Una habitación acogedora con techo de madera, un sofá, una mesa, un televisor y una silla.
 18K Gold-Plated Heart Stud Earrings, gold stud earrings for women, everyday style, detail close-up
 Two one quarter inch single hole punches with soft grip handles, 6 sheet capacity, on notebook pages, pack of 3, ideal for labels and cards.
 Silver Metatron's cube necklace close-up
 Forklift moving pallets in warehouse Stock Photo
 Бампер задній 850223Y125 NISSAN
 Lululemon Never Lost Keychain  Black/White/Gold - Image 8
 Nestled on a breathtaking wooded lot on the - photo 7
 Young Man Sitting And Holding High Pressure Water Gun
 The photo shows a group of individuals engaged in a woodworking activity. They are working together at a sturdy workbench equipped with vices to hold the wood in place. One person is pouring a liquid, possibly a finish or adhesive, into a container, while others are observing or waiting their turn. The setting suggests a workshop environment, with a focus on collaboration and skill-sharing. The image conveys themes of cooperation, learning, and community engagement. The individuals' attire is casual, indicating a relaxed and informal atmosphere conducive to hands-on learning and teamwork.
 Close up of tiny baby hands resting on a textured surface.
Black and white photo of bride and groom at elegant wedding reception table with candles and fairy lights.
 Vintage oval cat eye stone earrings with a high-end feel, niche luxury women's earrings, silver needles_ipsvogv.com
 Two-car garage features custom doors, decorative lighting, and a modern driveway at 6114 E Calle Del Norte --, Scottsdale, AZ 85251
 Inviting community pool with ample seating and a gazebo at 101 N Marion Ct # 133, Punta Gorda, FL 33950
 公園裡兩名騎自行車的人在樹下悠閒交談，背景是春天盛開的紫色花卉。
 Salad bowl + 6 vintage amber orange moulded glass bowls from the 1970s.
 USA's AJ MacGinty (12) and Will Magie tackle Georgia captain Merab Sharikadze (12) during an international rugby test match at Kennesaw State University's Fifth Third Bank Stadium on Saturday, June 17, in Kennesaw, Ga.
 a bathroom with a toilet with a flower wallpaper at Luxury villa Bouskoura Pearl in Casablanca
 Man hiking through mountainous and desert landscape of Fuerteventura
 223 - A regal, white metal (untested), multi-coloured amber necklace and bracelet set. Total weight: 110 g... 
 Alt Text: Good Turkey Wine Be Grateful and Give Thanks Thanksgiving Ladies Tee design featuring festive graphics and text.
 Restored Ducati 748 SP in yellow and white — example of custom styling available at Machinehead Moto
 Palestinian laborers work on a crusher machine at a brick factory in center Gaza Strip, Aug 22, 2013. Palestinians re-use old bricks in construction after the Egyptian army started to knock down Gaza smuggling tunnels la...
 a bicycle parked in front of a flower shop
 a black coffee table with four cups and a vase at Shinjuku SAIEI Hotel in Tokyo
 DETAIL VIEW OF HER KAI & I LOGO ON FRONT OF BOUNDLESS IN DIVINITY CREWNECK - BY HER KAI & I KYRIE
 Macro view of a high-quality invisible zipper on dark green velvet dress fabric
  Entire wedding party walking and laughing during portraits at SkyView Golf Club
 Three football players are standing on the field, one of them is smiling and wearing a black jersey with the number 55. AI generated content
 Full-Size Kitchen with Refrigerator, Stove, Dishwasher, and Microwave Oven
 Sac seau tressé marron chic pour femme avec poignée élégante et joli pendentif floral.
- - -
◆ EXERCISE AIM
Emit an exact copy of the lines spanning the start of the records to the line containing "Nestled on a", inclusive, and no other output.

◆ EXERCISE OUTPUT
Una habitación acogedora con techo de madera, un sofá, una mesa, un televisor y una silla.
 18K Gold-Plated Heart Stud Earrings, gold stud earrings for women, everyday style, detail close-up
 Two one quarter inch single hole punches with soft grip handles, 6 sheet capacity, on notebook pages, pack of 3, ideal for labels and cards.
 Silver Metatron's cube necklace close-up
 Forklift moving pallets in warehouse Stock Photo
 Бампер задній 850223Y125 NISSAN
 Lululemon Never Lost Keychain  Black/White/Gold - Image 8
 Nestled on a breathtaking wooded lot on the - photo 7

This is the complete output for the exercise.